Origem cultural e personalidade detectadas por vídeo
Pesquisa une ciência da computação e psicologia para analisar comportamentos de pessoas e grupos em meio a multidões
Uma tecnologia capaz de detectar, por meio de sequência de vídeos, traços da personalidade, emoções e até mesmo a origem cultural de um grupo de pessoas. O que parece roteiro de filme de ficção científica é resultado da ampla investigação interdisciplinar em parceria dos pesquisadores Soraia Raupp Musse, da Escola Politécnica, Angelo Brandelli, da Escola de Ciências da Saúde, e o doutorando em Ciência da Computação, Rodolfo Favaretto, responsável pelo desenvolvimento do software GeoMind.
A tese, realizada nos últimos quatro anos, utilizou dados geométricos, como a posição e o distanciamento entre uma pessoa e outra, para obter respostas a questões que, na psicologia, são alcançadas por meio de resposta a questionários ou observações. O projeto demonstra, entre suas propostas, que a personalidade de uma pessoa não diz respeito apenas a como ela se autoavalia, mas também em como ela se desloca no espaço em relação às outras. E isso tudo levando em conta a cultura de origem do indivíduo, seja ele brasileiro, alemão ou indiano.
PATROCÍNIO INTERNACIONAL
A nova tecnologia, com publicações em revistas científicas e congressos internacionais, ganhará um livro em 2019. Ela resulta de investimento privado internacional, proveniente da ONRG-Office of Naval Research Global. Em 2014, representantes deste escritório norte-americano em São Paulo vieram à PUCRS e perguntaram se a equipe de Soraia seria capaz de identificar grupos de ingleses e de brasileiros, por vídeo, em meio a uma multidão. “Havíamos simulado situações com pedestres saindo de estádios, mas não conhecíamos literatura sobre diferença cultural”, diz Soraia. Porém, o desafio foi aceito.

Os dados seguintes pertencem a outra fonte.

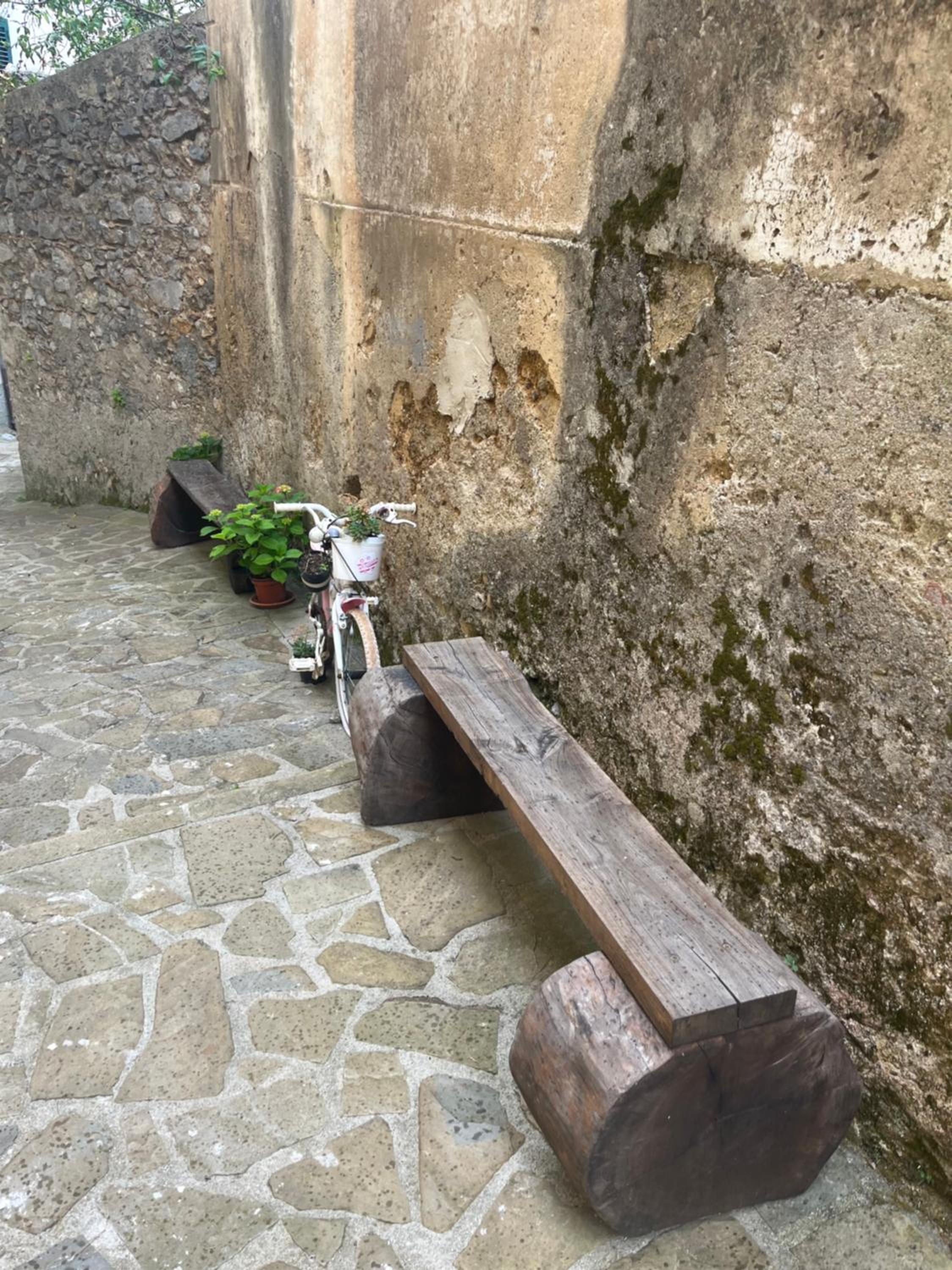 A Finistella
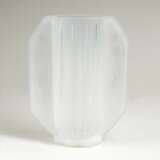 Edmond Laurent Etling. Art-déco Opalglas-Vase mit Frauenakten - photo 2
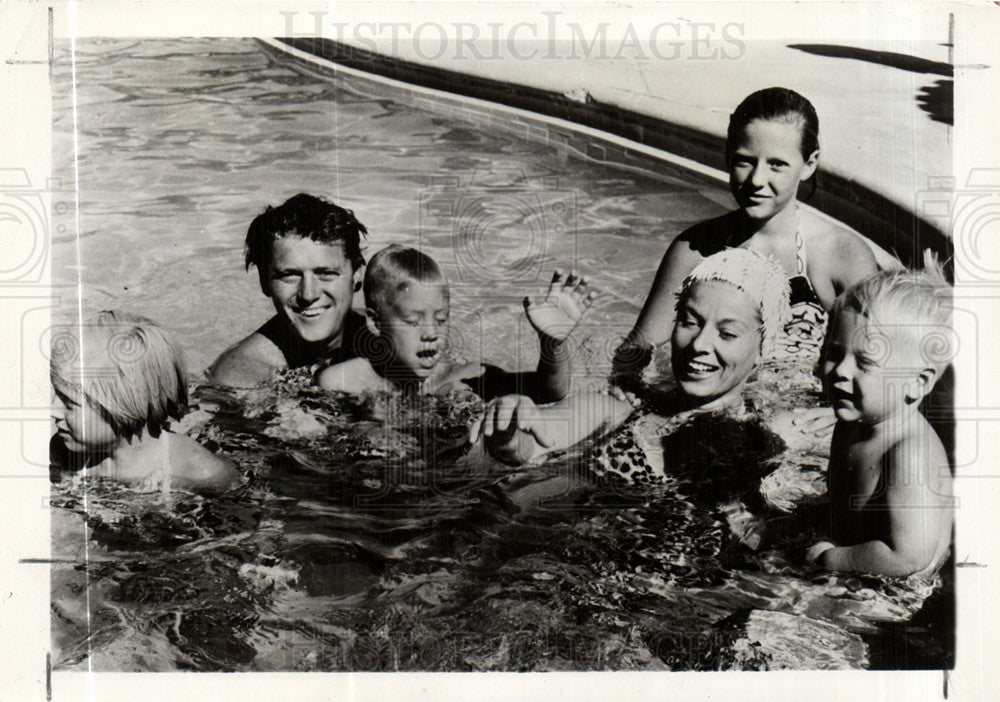 1956 Press Photo Gordon MacRae American actor NewJeresy - Historic Images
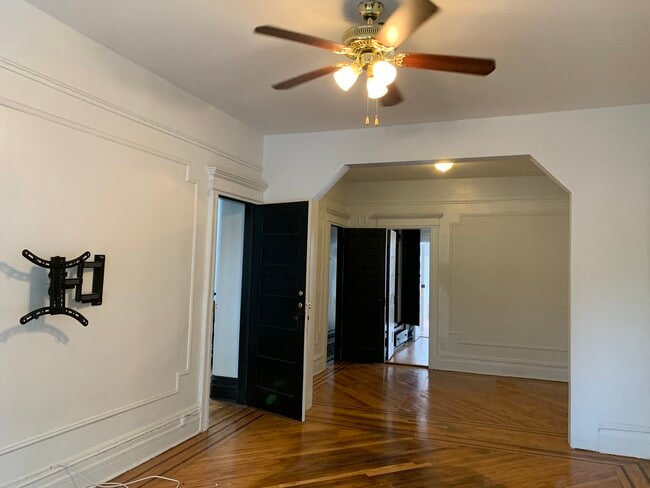 Building Photo - 1280 Park Pl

À época, Rodolfo foi selecionado para o doutorado. Com dificuldades em localizar informações no seu campo científico, ambos recorreram à Psicologia. O professor Angelo Brandelli, do Programa de Pós-Graduação em Psicologia, é especialista em psicologia social, na qual o estudo sobre multidões teve início no século 19. “É uma área que não estava em voga até surgir esse fenômeno de segurança e vigilância por câmeras”, destaca Brandelli.
Os três partiram em busca de evidências sobre diferenças no comportamento das pessoas em grupos e entre culturas. “Achamos questões interessantes como personalidade, que tem um componente que impacta como as pessoas se comportam em grupo, localizando diferenças entre países, e situações como velocidade de deslocamento e o distanciamento preferido entre um indivíduo e outro”, explica o psicólogo.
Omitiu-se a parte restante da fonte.